• _About this task_:
The output is the lines below from the one with "Another telltale sign" through the one with "Hi, I'm Science", both included, printed exactly and with no other line.

• _Materials provided_:

Segment Open

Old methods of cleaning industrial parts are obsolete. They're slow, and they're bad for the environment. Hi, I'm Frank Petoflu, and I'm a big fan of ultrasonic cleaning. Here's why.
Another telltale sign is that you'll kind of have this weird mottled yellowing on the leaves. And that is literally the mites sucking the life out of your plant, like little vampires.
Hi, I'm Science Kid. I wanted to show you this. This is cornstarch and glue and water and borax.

Segment Closed
Segment Open

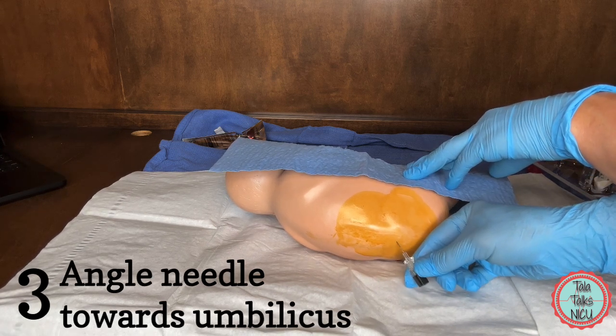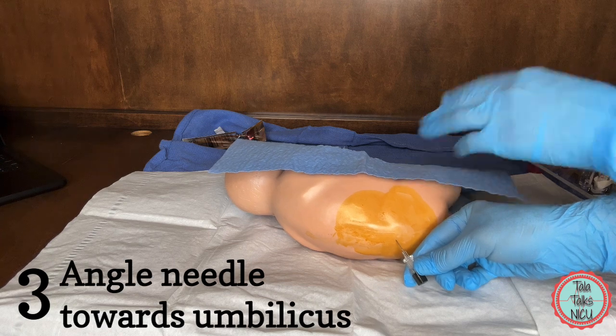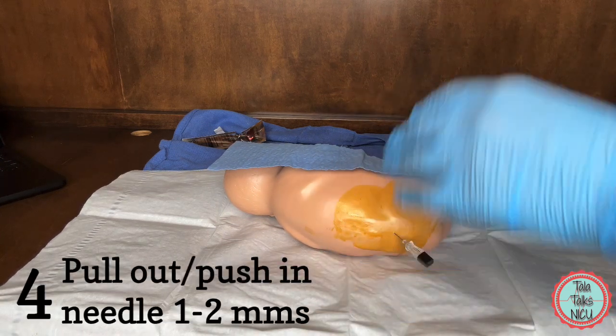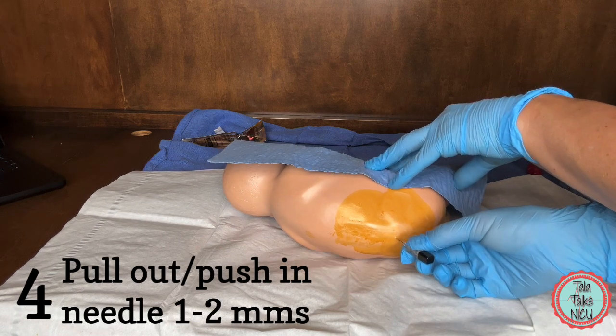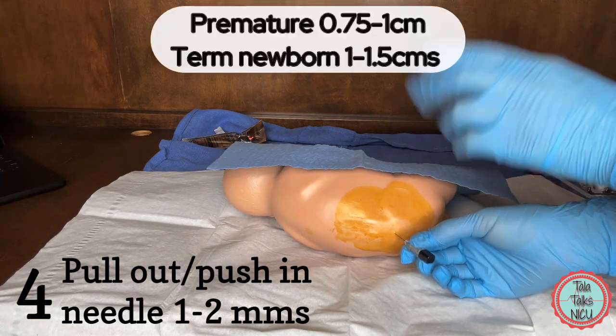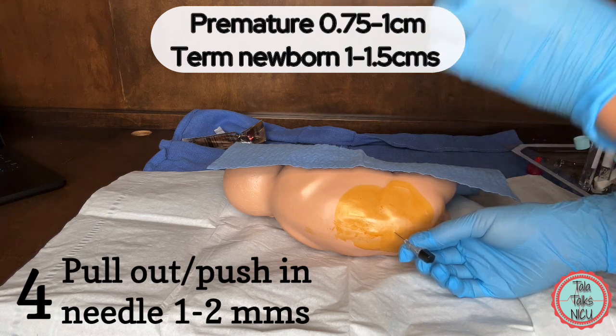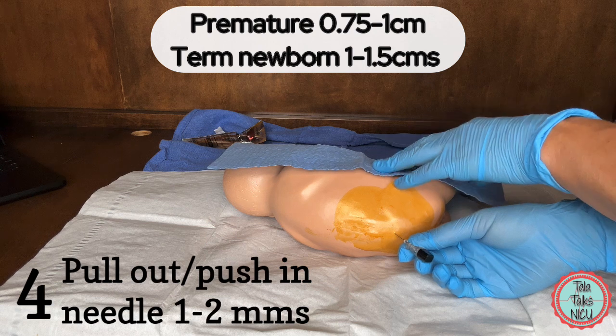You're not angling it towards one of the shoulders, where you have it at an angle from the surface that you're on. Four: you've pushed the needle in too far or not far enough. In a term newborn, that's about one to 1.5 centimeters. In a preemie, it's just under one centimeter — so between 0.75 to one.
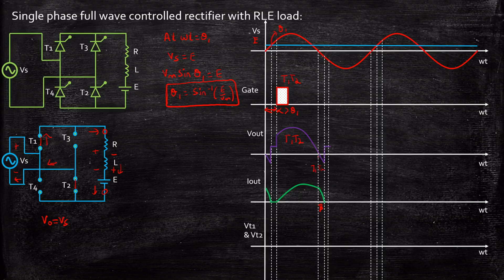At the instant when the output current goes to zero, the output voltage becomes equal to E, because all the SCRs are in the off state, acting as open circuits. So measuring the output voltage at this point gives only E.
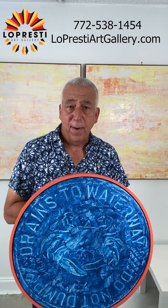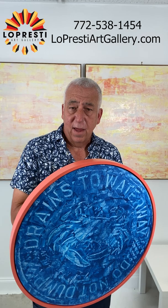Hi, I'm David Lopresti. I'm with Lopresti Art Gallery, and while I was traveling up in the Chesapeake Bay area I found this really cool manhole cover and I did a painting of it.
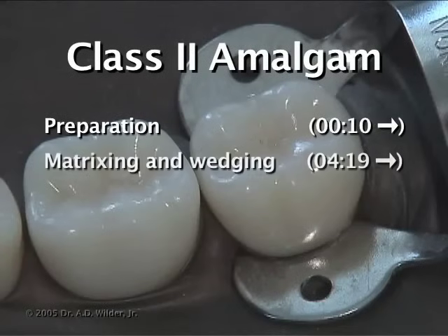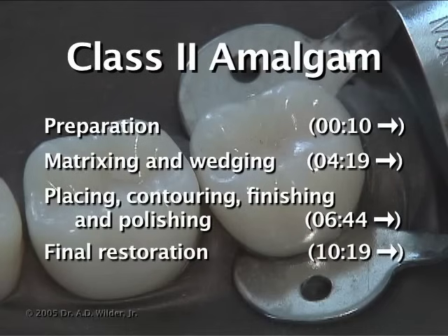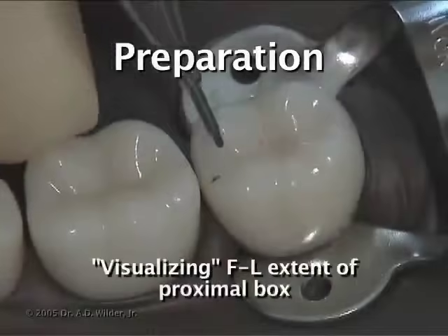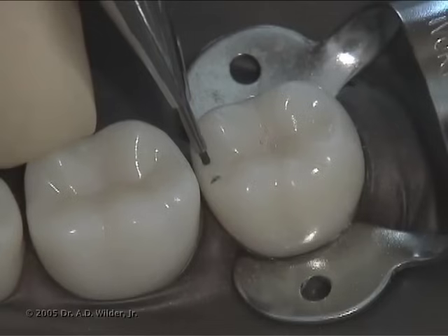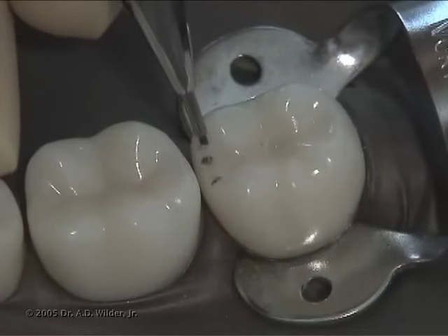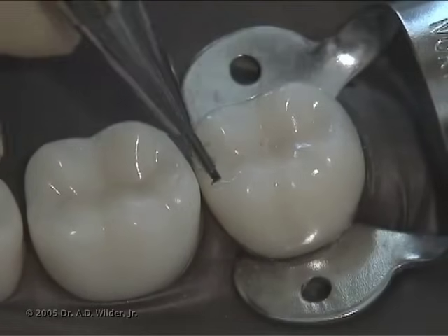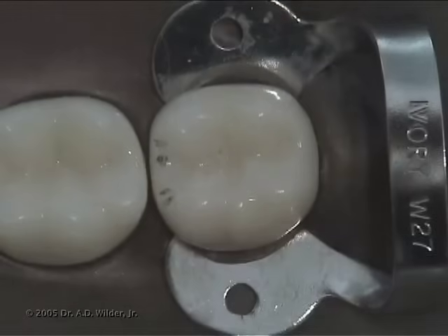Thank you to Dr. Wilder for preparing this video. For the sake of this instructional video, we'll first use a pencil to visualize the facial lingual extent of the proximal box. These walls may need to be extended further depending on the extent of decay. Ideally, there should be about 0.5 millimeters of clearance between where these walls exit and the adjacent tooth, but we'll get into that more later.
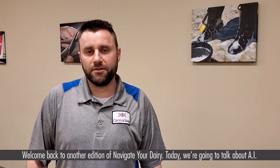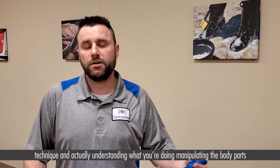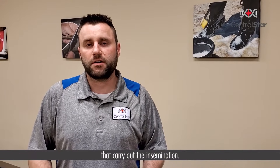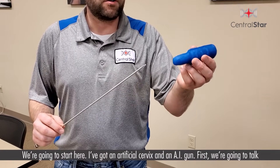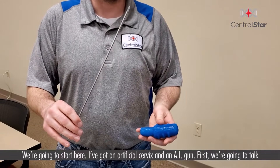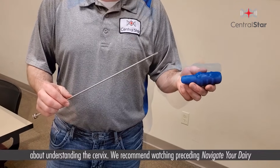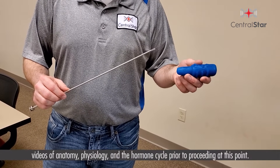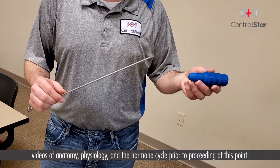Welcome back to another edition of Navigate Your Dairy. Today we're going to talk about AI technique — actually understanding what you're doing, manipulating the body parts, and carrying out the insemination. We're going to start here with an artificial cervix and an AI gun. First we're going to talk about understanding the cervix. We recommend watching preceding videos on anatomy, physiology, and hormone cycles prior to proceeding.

Segment Closed
Segment Open

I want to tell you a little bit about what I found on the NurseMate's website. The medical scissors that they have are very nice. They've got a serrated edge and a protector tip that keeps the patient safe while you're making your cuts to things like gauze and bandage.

Segment Closed

• _Task output_:
Another telltale sign is that you'll kind of have this weird mottled yellowing on the leaves. And that is literally the mites sucking the life out of your plant, like little vampires.
Hi, I'm Science Kid. I wanted to show you this. This is cornstarch and glue and water and borax.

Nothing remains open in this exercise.